Que penser du nouvel album de Nicolás Jaar?
Celui que l’on appelait volontiers l’enfant prodige de l’électro revient avec un quatrième album studio envoûtant. Sorti le 27 mars via le propre label du musicien intitulé Other People, “Cenizas” marque le passage progressif de Nicolás Jaar vers l'exploration sans limite, révélant un univers toujours plus profond et onirique.
Par Margaux Coratte.
Quatre années après la sortie de son dernier disque, Sirens, Nicolás Jaar revient avec un nouvel opus intitulé Cenizas. Ce titre, qui signifie “cendres” en espagnol, marque la renaissance de ce phénix impénétrable, qui n’en finit plus d’étonner ceux qui l’écoutent depuis ses débuts. Oscillant entre techno sombre, expérimentations house, jazz et sonorités exotiques, l’univers du musicien trentenaire est infiniment riche, mélancolique et troublant. Cenizas est quant à lui un album ovni, plus introspectif que jamais.
Une expérience sensible
Beaucoup ont dansé sur son Mi Mujer célèbre ou vibré lors de sa Boiler Room, mais les nouveaux morceaux de Nicolás Jaar relèguent la danse au rang de lointain souvenir. Renouant avec les sonorités ambiantes de son premier album Space Is Only Noise (2011), le compositeur américano-chilien arpente un paysage sonore nébuleux, fait de sons intrigants, clapotements ou souffles venteux, de quelques notes provenant d’un lointain écho, de paroles murmurées et de puissantes réverbérations. Ecrit entre 2017 et 2019, et composé par Patrick Higgins, avec qui il avait déjà collaboré sous le nom de AEAEA, l’album invite à la rêverie, en treize titres énigmatiques.

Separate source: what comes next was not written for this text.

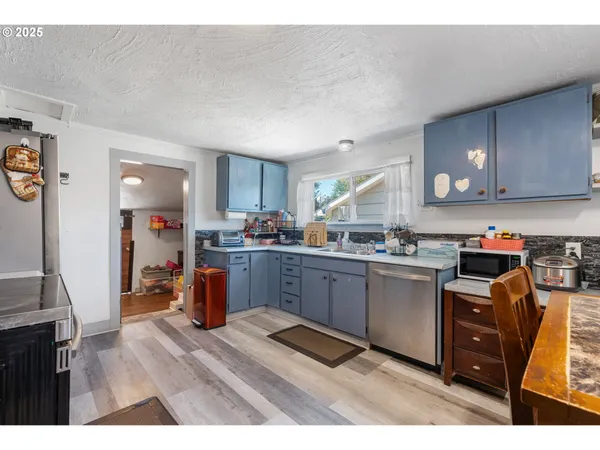 $299,000 | 1508 East 12th Street, The Dalles, OR 97058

C’est avec un entremêlement de bassons, d’orgues et de chants frôlant le religieux que débute Cenizas. Des voix claires entonnent un lent “Savior come down” (“le Sauveur descend”) , à peine christique, pour laisser place à un entrechoquement métallique, mélange de sons brouillés qui tournent en boucle comme à la fin de la lecture d’un vinyle. Dès les premières notes, on comprend que l’album détonne fortement avec les derniers EP du musicien, autrement plus dansants. Rien à voir en effet avec Illusions of Shameless Abundance (sortie le 31 janvier dernier), EP sur lequel figurait FKA Twigs et Lydia Lunch, ni avec le jazzy et disco 2017-2019 (sorti une semaine plus tard), tous deux signés de son alias All Against Logic.
Un voyage transcendantal
Si Nicolás Jaar a commencé la musique adolescent, la maturité qui émerge de son royaume musical est à peine croyable. Loin de séparer l’électro-house qui le caractérise de ses atmosphères sensibles, il cumule les attributs sans qu’on puisse lui coller une quelconque étiquette. La dualité n’a en effet pas sa place chez celui où chaque genre s’imbrique dans les autres avec aisance, créant toute une galaxie sonore aux infinies possibilités. Ainsi on ne peut opposer le Nicolás Jaar “électro” au Nicolás Jaar maître de l’ambient. Cenizas est le fruit de tout un mélange d’influences et d’expérimentations sonores, inspirées des sons du monde extérieur comme de l’héritage des musiciens phares de l’artiste, de Ricardo Villalobos à Aphew Twin, en passant par Dave Brubeck ou Keith Jarrett.
Un jour avant la sortie de son nouvel album, le musicien expliquait sur son site internet que Cenizas est né d’une difficile introspection, coupé de tout. Citant John Coltrane et son album Crescent, il insiste sur l’esprit de métamorphose qui l’anime et son désir de ressentir le présent, malgré ses difficultés à s’abandonner à ses émotions. Ses morceaux sont ainsi peuplés de visions chimériques prenant parfois la forme de mantras transcendantaux et sacrés. C’est bien un voyage intérieur qui s’offre ainsi à nous, comme si le Nicolás Jaar y livrait ses démons pour pouvoir mieux s’en délester. Comme si il nous invitait, en cette période trouble, à emprunter son chemin.
Cenizas de Nicolás Jaar, disponible depuis le 27 mars 2020 sur toutes les plateformes de streaming.